Para entrar en faena, diré que la ministra del ramo me pareció una vez más una mamarracha en toda regla. Con ese traje de Ágatha para "apoyar la moda española" y que calificó de “romántico”, pues la verdad, sobran las palabras. Y luego cada vez que la encuadraban en la televisión parecía a punto de echarse una cabezada. Mire, yo soy un simple espectador y puedo echarme a dormir cuando me dé la gana. Pero Vd. acude como ministra y ya podría venir dormida de su casa. Y me da igual que la gala sea un pestiño o no. Por mí, como si es un concierto de Luis Cobos. Eso es lo que hay, y si no le gusta, se chuta lo que le dé la gana en el baño y pone cara de estar interesada.
Me encantó volver a Carmelo Gómez, que tenía su Goya por Días contados, pero ya han pasado 10 años. Me encantó ver su película, El método, y me encantó escuchar que se lo dedicaba a la gran Pilar Miró.
También me alegré especialmente de que Elvira Mínguez ganara por fin este premio: está fantástica en Tapas y ya era hora de que se le reconociera su buen trabajo siempre. Lo dedicó al público que sigue yendo a ver cine español, aunque a veces no sea bueno, y a todos los que cuentan las historias de mujeres de más de 40 que solo esperan que sean contadas. Otro de mis Goyas favoritos fue el de la Mejor Canción Original para Manu Chao por Me llaman Caye, de Princesas. El premio lo recogió la presidenta del Colectivo Hetairas, de apoyo a las prostitutas.
Me congratulo del triunfo de Isabel Coixet, a quien le recomendaría un inmediato asesor de imagen: si tu cara no te gusta, ponte un casco, pero renuncia a ese flequillo, a esas greñas en las mejillas y a esas gafazas blancas. Y renuncia también a gestos que yo sea incapaz de identificar como de pánico, como los de hace dos años cuando ganó con Mi vida sin mí.
Para mí la más guapa y espectacular fue Maribel Verdú –en vista de que no estaba Elena Anaya-, a quien le sienta muy bien desaparecer de vez en cuando una temporada. Presentó con el actor francés José García, de nuevo de rodaje en España. El más guapo, delgado y atractivo fue una vez más Eduardo Noriega (y su bigote).
Carmen Maura acertó plenamente con su pantalón negro y su haut ajustado rojo intenso del letiziano Lorenzo Caprile. Apareció fantástica.. Formó pareja con su compañero de reparto en ¡Ay, Carmela!, un demacrado Andrés Pajares, claramente traicionado por su diseñista capilar. El tinte cobrizo debería de estar internacionalmente prohibido si todavía no lo está.
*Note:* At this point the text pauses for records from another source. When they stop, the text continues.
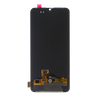OnePlus 6T LCD and Touch Screen Replacement
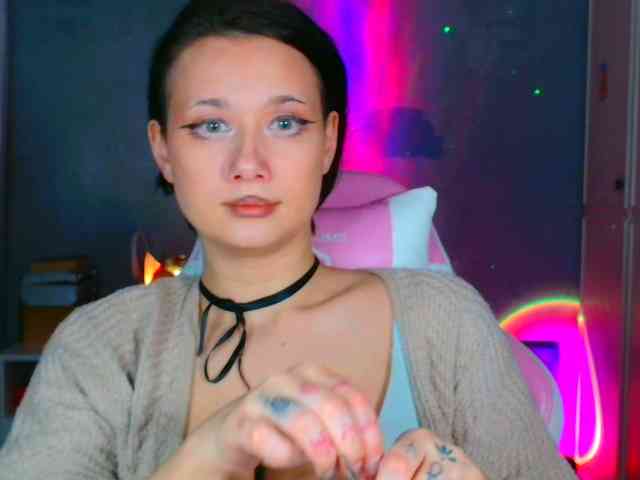 stawbarynutlov webcam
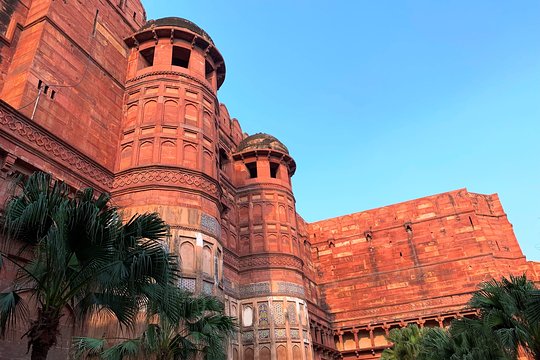 Tour image 10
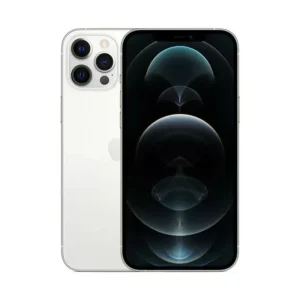 Usado-Iphone-12-Pro-Max-128GB-Prateado-Muito-Bom_1763486917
La puertorriqueña Micaela Nevárez es monísima, pero el premio a la Mejor Actriz Revelación debería haber ido a parar a Isabel Ampudia, la única posibilidad de reflotar una interesante película titulada 15 días contigo.
Óscar Jaenada al parecer borda a Camarón, pero me dio pena que el elegante y entrañable Manuel Alexandre se fuera a casa sin su Goya.
Y me encantó Candela Peña, con su segundo Goya, y su bonita dedicatoria, una condensada declaración de amor a sus padres y un breve anecdotario que incluía la carta que le escribió de pequeña a la reina para que le enviara una foto del príncipe porque ella quería ser princesa. Y anoche lo fue: tenía su Goya por Princesas y tenía a su príncipe, el director Fernando León.
Y yo, sin que nadie me dirigiera la palabra, viví algunos premios como si se los dieran a alguien cercano, alguien que fuera a compartirlos conmigo. Bueno, pues solo queda un año para una nueva decepción.